I begin to question my cynical analysis of the game, and slowly I realize the story behind all of this. The four witchers and Triss are the only people left in the fortress, they alone maintaining a glimmer of whatever former glory the witchers might have once possessed. And they're not enough to maintain a massive castle, of course, and so they maintain a few areas they use and leave the rest to rot. The bell tower was seldom used, and the witchers aren't masons, and so the stairs had never been repaired. The stragglers were left to roam the castle because the witchers didn't have enough men to confidently root them out and still defend their central living area. The laboratory was undefended because everyone in the castle was already fighting.

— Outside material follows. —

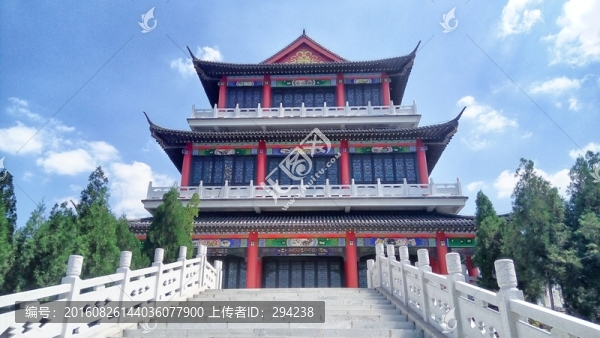 大山坡公園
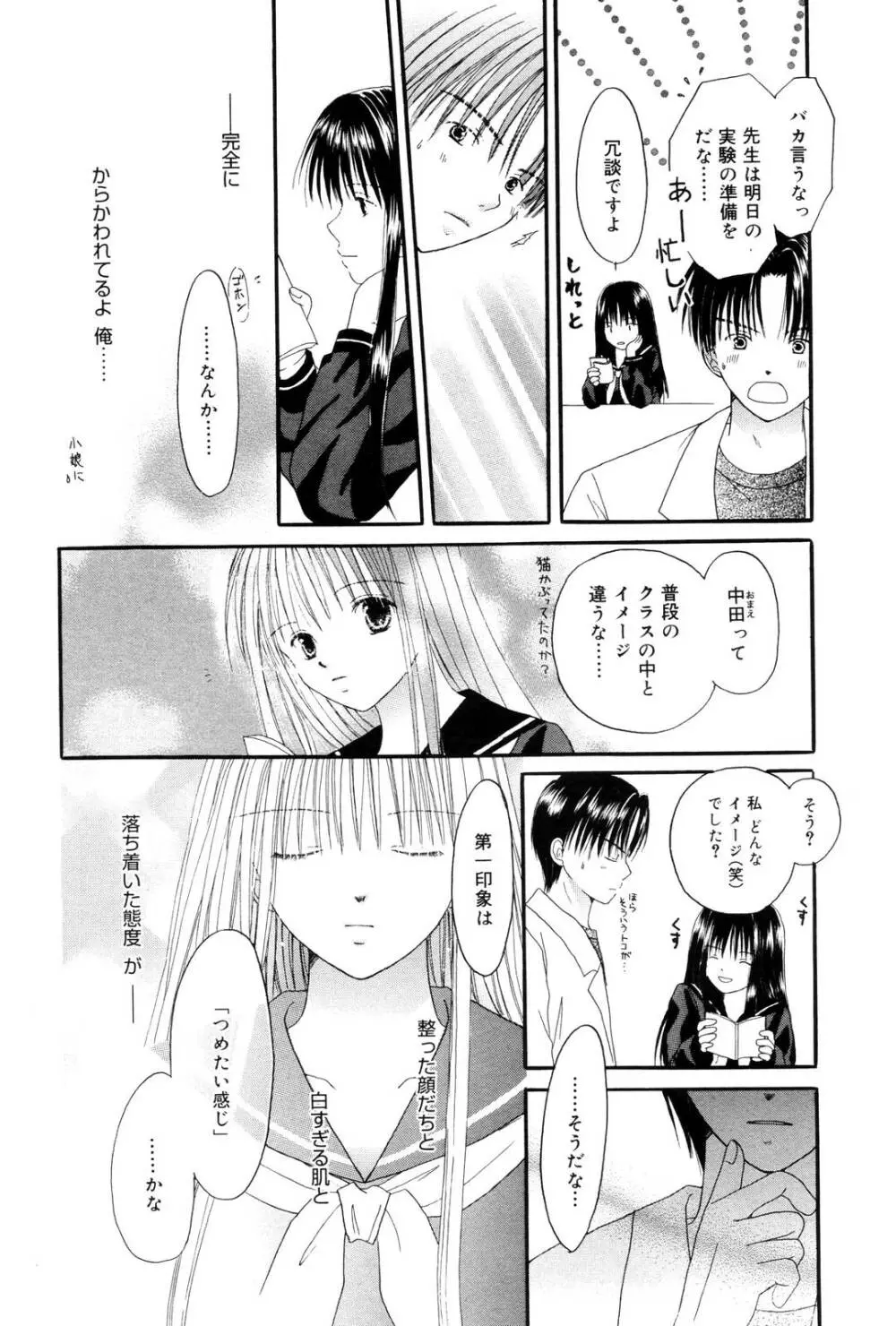 漫画ばんがいち 2006年12月号 VOL.201 Page.220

At first I'm not sure if this is the truth or just me coming up with an explanation that gives the game more credit than it's worth, but when I return with the potion ingredients and speak to the witcher leader, one of the optional dialogues leads to him telling the story of an attack on the castle some twenty years earlier, in which the then twenty-four witchers and several dozen trainees were all murdered, save for himself, who survived by hiding among the corpses. (I assume he simply fails to mention the numerous servants that must have kept the castle running, but in fariness, he probably wouldn't mention them, being beneath the consideration of such a powerful man.)

There's another fact that emerges from this dialogue, too: there will be no more witchers. While the laboratory contained the tools necessary for the brutal process of chemical and magical mutation that produces them (which is itself an interestingly scientific position in a fantasy setting), they didn't have a mage powerful enough to perform the necessary rituals, and it's unclear whether the witcher leader even knew said rituals, himself being quite young when the rest of the order was slaughtered.

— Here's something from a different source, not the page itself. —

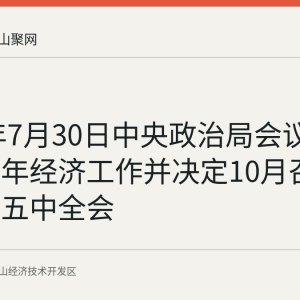 2026年7月30日中央政治局会议部署下半年经济工作并决定10月召开二十届五中全会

And thus my respect for the game shoots up immensely. Perhaps they could have done a better job introducing the status of the witchers and their castle, but once it becomes clear, the story is tragic and touching. And it lends a fatalistic quality to (at least the start of) the game's main quest, which is to find the mysterious sorcerer who led the attack. The witchers split up for the four corners of the world in search of clues not hoping to stop some great evil or save the world but simply looking to avenge their fallen comrade and retrieve their stolen potions that are of no use to them. Even if they succeed, it's likely that more of them will perish in the quest, and they'll have gained nothing for it. But they can't gain anything anyway--they are the last of the witchers, and they know it.

Which, despite everything else, is a great way to start to game.